9. **Test with the MCP inspector, then verify the model actually calls it right.**
   - Run the server under the **MCP inspector** (`npx @modelcontextprotocol/inspector <server-cmd>`) — confirm tools enumerate, schemas validate, and a hand-entered call returns the expected discriminated shape and error shape.
   - Then close the loop with a real model: give it a task that *should* trigger the tool and confirm it (a) picks the right tool, (b) fills args validly, (c) gets a result small enough to act on. A tool that passes the inspector but the model never calls (or always mis-calls) is not done — fix the **name/description**, not the prompt.

## Common Errors

- **Logging to stdout on a stdio server.** Any `print`/`console.log` corrupts the JSON-RPC stream and the client silently breaks. Everything diagnostic goes to **stderr**.
- **Returning raw, unbounded results.** The #1 context killer. 5K rows of pretty-printed JSON = thousands of wasted tokens. Add `summary`/`limit`/pagination and prefer CSV/YAML for tabular data **before** shipping.
- **Mega-tools with an `action` discriminator.** `manage_x(action=...)` makes the model get both the action and a loose schema right.
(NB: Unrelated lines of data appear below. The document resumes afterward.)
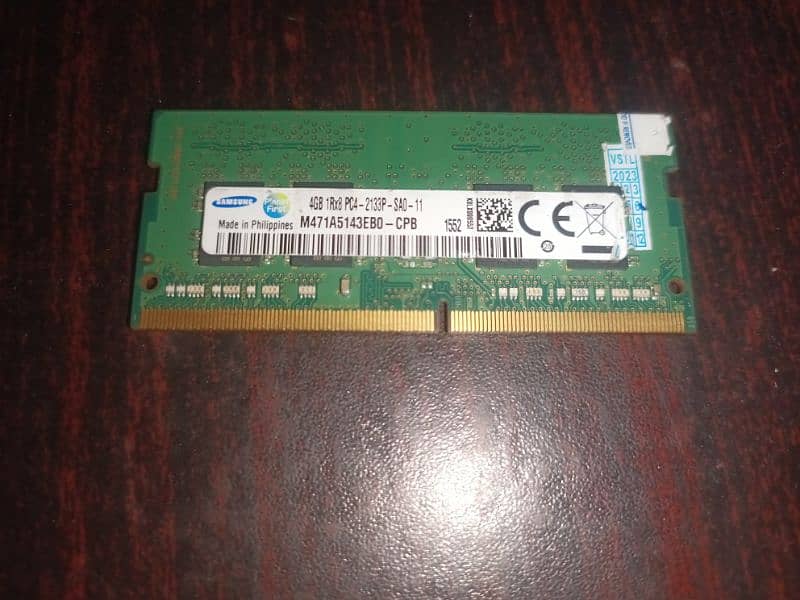 Laptop Ram 4GB DDR4 For Sale 0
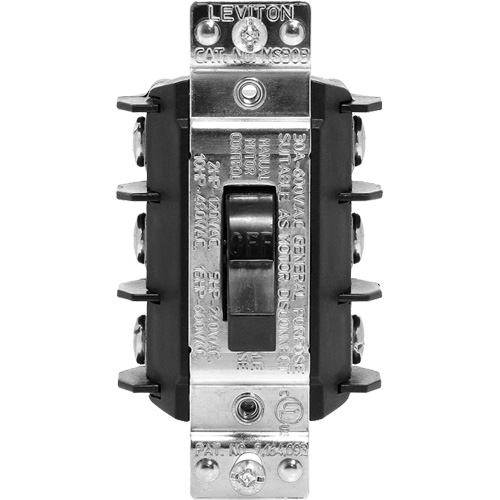Single Phase Manual Disconnect Switch Quali-T-Solutions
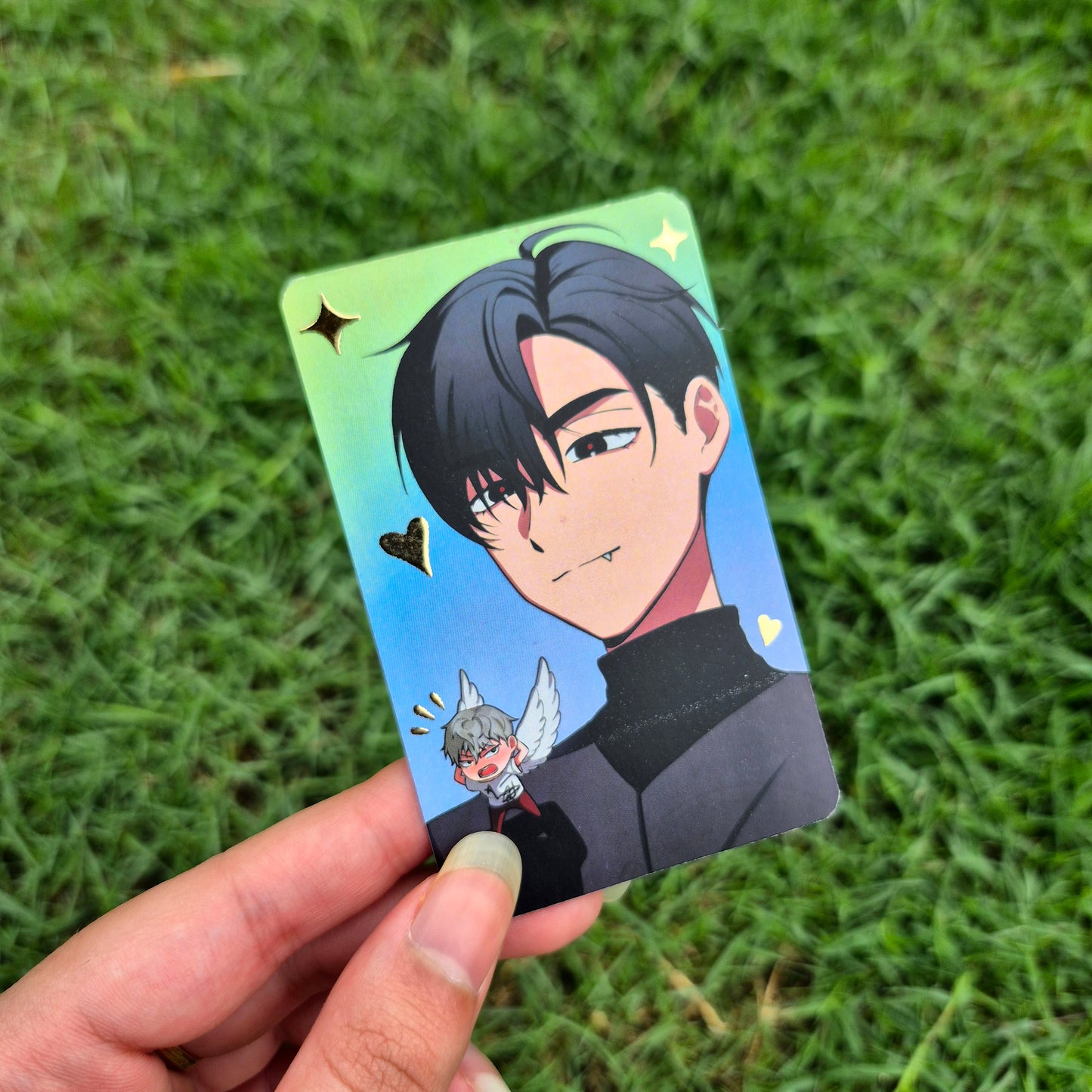 Alien Stage | Foil Photocards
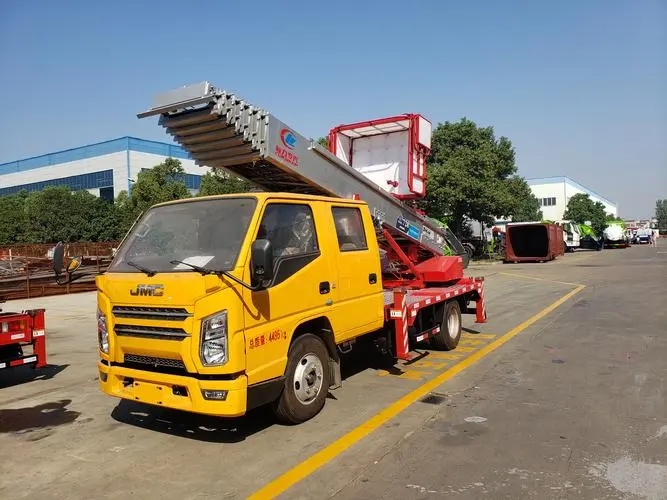 九江浔阳附近云梯车出租 砂石搬运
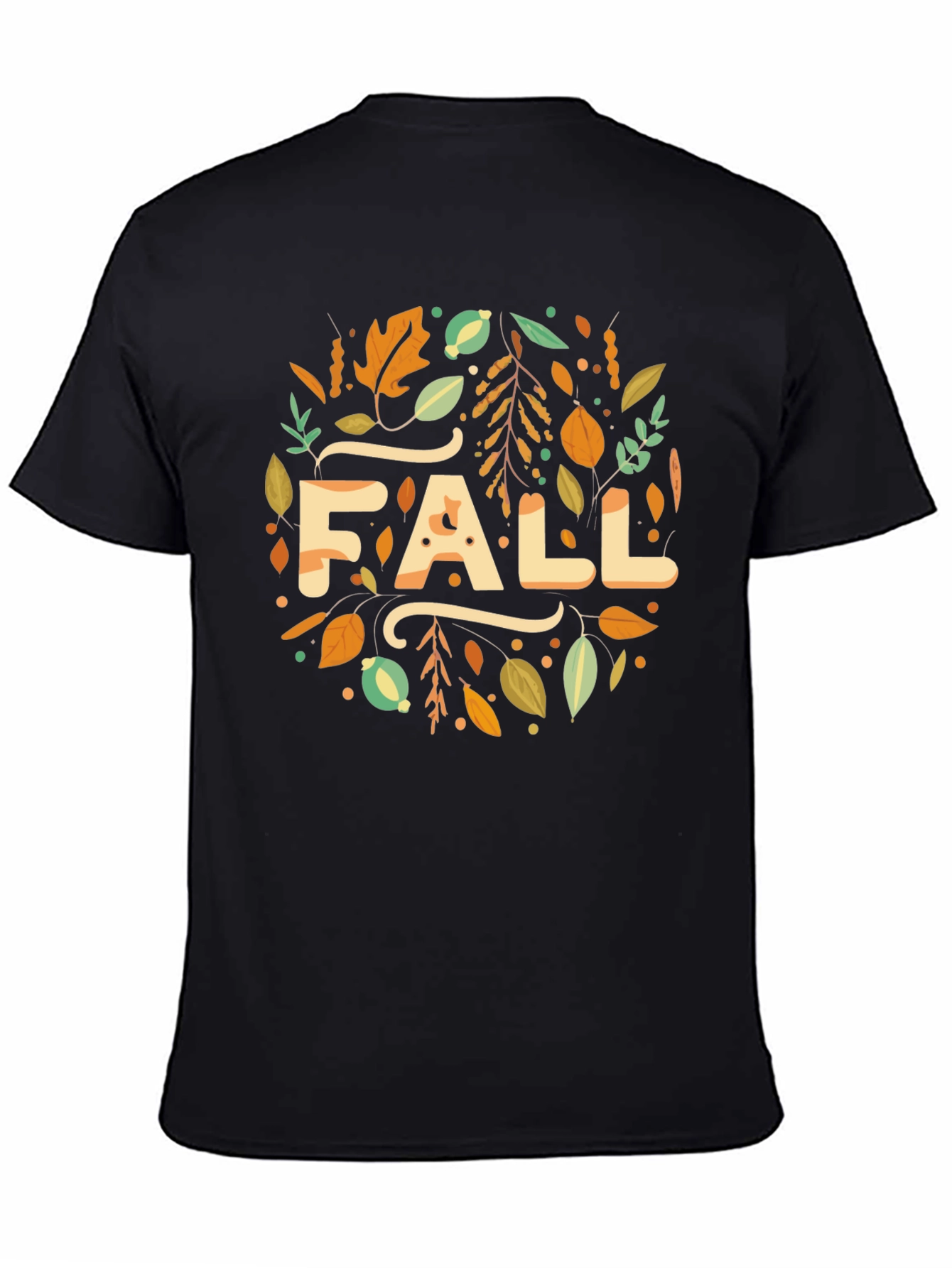 Fall Leaves Graphic T-Shirt
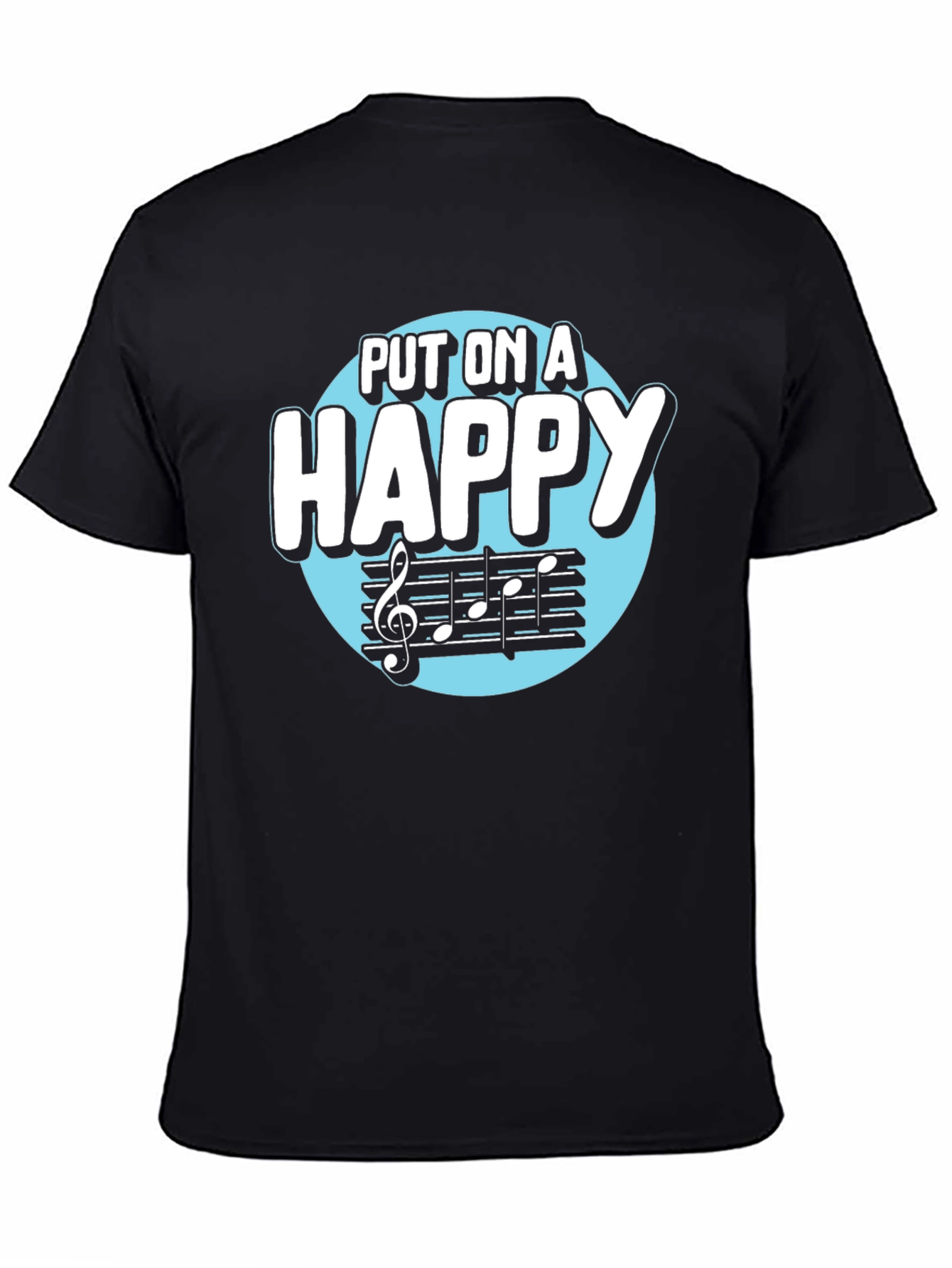 Happy Music T-Shirt
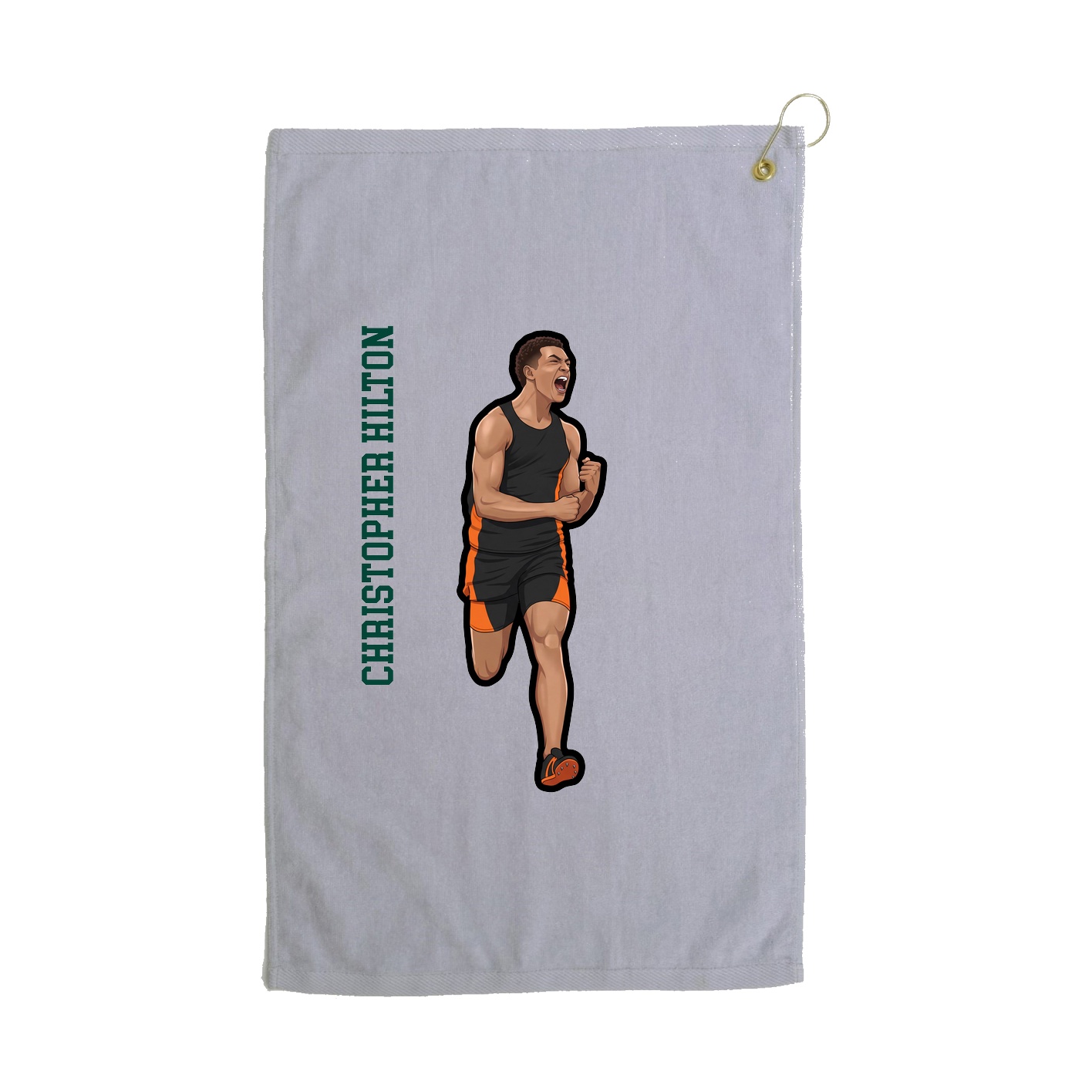 Terry Velour Golf Towel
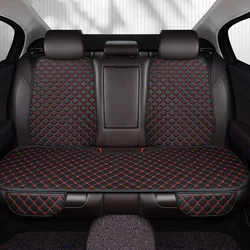 Funda de cuero PU para asiento de coche - cojín suave universal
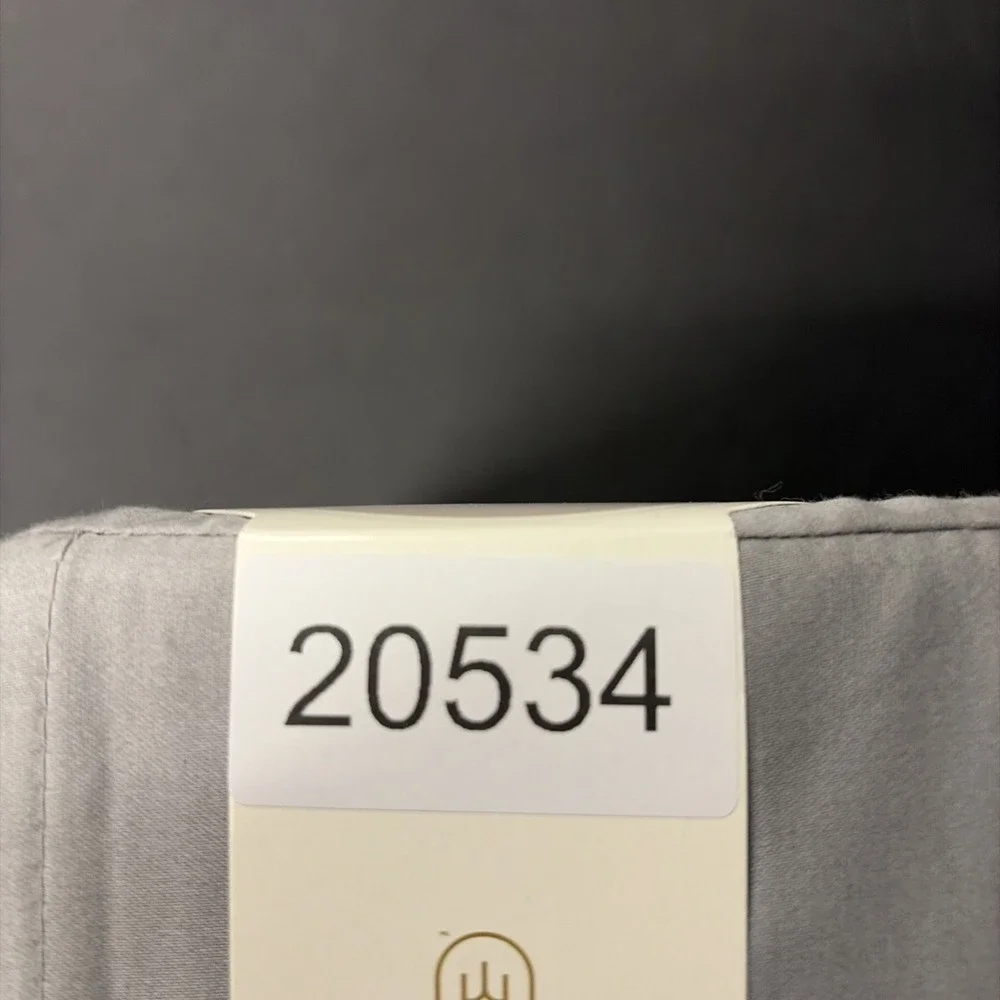 Queen 400 Thread Count Performance Flat Sheet Gray - Threshold: Cotton 20534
Split into one tool per action.
- **Vague names / what-not-when descriptions.** `query`, `data`, `do` give the model nothing to route on. A description that says *what* the tool does but not *when to call it* leaves the model guessing — and newer models under-call by default, so the trigger condition has to be explicit.
- **Errors as exceptions or silent nulls.** An exception ends the agent loop; a `null`/empty result looks like success. Return a result with the error flag set + an actionable message so the model can recover.
- **API keys as tool parameters.** They land in model context and the transcript/event history. Inject credentials server-side from env/vault at egress; the model never sees them.
- **Mismatched versioned tool name/type pair** (built-in tools). The `type` and `name` are a fixed pair — swapping one without the other 400s.
- **Per-call DB connections / shared mutable state on HTTP servers.** Concurrent requests share the process; use pools and keep request state off module globals.
- **Schema drift the model can't see.** Changing return shape without updating the description means the model branches on a contract that no longer holds. Keep the description and the actual result shape in sync.

## Verify

- [ ] Transport chosen deliberately (stdio = local/no-auth; HTTP = remote/+auth); secrets come from env/vault, **never** from tool params.
- [ ] Every tool: `verb_noun` name, single responsibility, description states **when to call**, `input_schema` has a `description` on each field + `enum`/`required`/`additionalProperties:false`.
- [ ] Results are discriminated (`status`/typed variants); errors return an error-flagged result with an actionable message — not exceptions, not silent nulls.
- [ ] Large results trimmed: summary mode + pagination + limit; CSV/YAML for tabular; oversized output offloaded to a handle with a preview.
- [ ] Concurrency safe for the transport (no stdout logging on stdio; pooled connections + reentrant handlers on HTTP).
- [ ] Rate limiting + per-call logging (to stderr/logger) in place on remote servers.
- [ ] **Passed the MCP inspector** (tools enumerate, schemas validate, success + error shapes correct) **and** a real model picks the right tool, fills valid args, and gets a context-sized result.